Na semana que passou comecei a ler um livro que estou gostando muito e não poderia deixar de compartilhar, vejam a capa:
Canalha! é o retrato poético e divertido do homem contemporâneo, um livro de crônicas de Fabrício Carpinejar, veja uma delas:
Os amigos invisíveis
Os amigos não precisam estar ao lado para justificar a lealdade. Mandar
relatórios do que estão fazendo para mostrar preocupação.

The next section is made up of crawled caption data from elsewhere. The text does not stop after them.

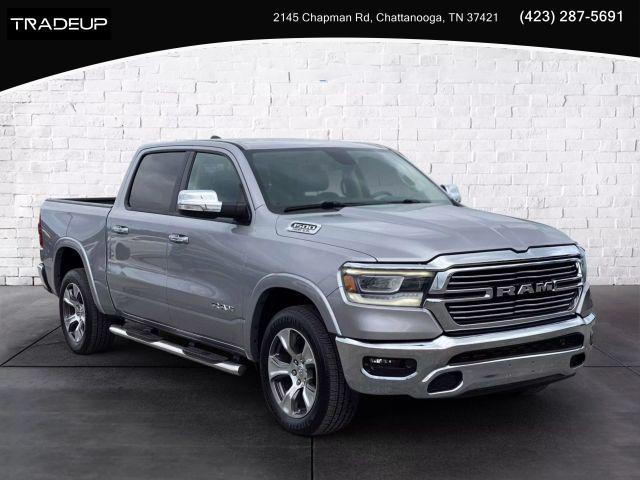 used 2019 Ram 1500 car, priced at $27,888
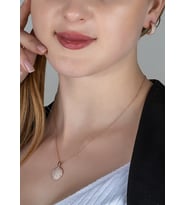 Gümüş Zirkon Taşlı Abiye Günlük Tasarım Set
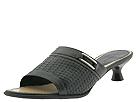 Trotters - Lexie (Black/Black) - Women's,Trotters,Women's:Women's Casual:Casual Sandals:Casual Sandals - Slides/Mules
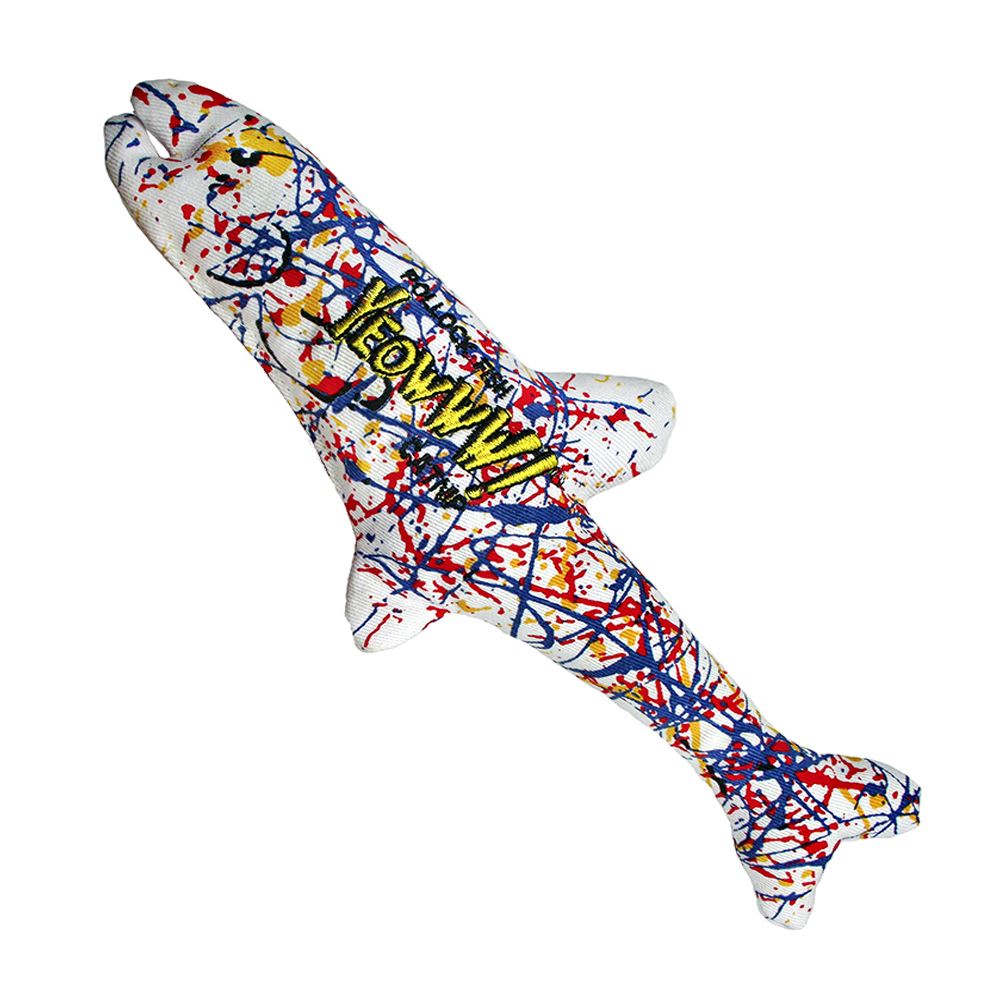 Yeowww Pollock Fish 11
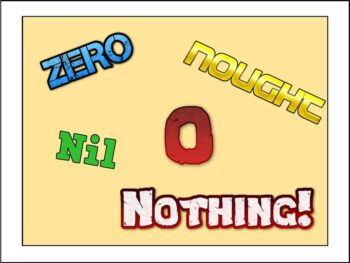 Zero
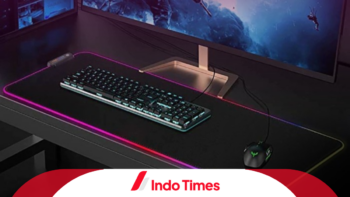 10 Rekomendasi Mousepad Aesthetic Terbaik 2023, Bikin Tampilan PC Makin Sip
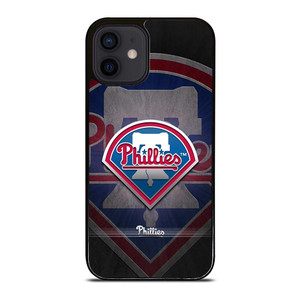 PHILADELPHIA PHILLIES LOGO iPhone 12 Mini Case Cover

Os amigos são para toda a vida, ainda que não estejam conosco a vida
inteira. Temos o costume de confundir amizade com onipresença e exigimos
que as pessoas estejam sempre por perto, de plantão. Amizade não é
dependência, submissão. Não se têm amigos para concordar na íntegra, mas
para revisar os rascunhos e duvidar da letra. É independência, é
respeito, é pedir uma opinião que não seja igual, uma experiência
diferente.
Se o amigo desaparece por semanas, imediatamente se conclui que ele
ficou chateado por alguma coisa. Diante de ausências mais longas e
severas, cobramos telefonemas e visitas. E já se está falando mal dele
por falta de notícias. Logo dele que nunca fez nada de errado!
O que é mais importante: a proximidade física ou afetiva? A proximidade
física nem sempre é afetiva. Amigo pode ser um álibi ou cúmplice ou um
bajulador ou um oportunista, ambicionando interesses que não o da
simples troca e convívio.
Amigo mesmo demora a ser descoberto. É a permanência de seus conselhos e apoio que dirão de sua perenidade.
Amigo mesmo modifica a nossa história, chega a nos combater pela verdade
e discernimento, supera condicionamentos e conluios. São capazes de
brigar com a gente pelo nosso bem-estar.
Assim como há os amigos imaginários da infância, há os amigos invisíveis
na maturidade. Aqueles que não estão perto podem estar dentro. Tenho
amigos que nunca mais vi, que nunca mais recebi novidades e os valorizo
com o frescor de um encontro recente. Não vou mentir a eles ¿vamos nos
ligar?¿ num esbarrão de rua. Muito menos dar desculpas esfarrapadas ao
distanciamento.
Eles me ajudaram e não necessitam atualizar o cadastro para que sejam
lembrados. Ou passar em casa todo o final de semana e me convidar para
ser padrinho de casamento, dos filhos, dos netos, dos bisnetos. Caso
encontrá-los, haverá a empatia da primeira vez, a empatia da última vez,
a empatia incessante de identificação. Amigos me salvaram da fossa,
amigos me salvaram das drogas, amigos me salvaram da inveja, amigos me
salvaram da precipitação, amigos me salvaram das brigas, amigos me
salvaram de mim.
Os amigos são próprios de fases: da rua, do Ensino Fundamental, do
Ensino Médio, da faculdade, do futebol, da poesia, do emprego, da dança,
dos cursos de inglês, da capoeira, da academia, do blog. Significativos
em cada etapa de formação. Não estão em nossa frente diariamente, mas
estão em nossa personalidade, determinando, de modo imperceptível, as
nossas atitudes.
Quantas juras foram feitas em bares a amigos, bêbados e trôpegos? Amigo é
o que fica depois da ressaca. É glicose no sangue. A serenidade.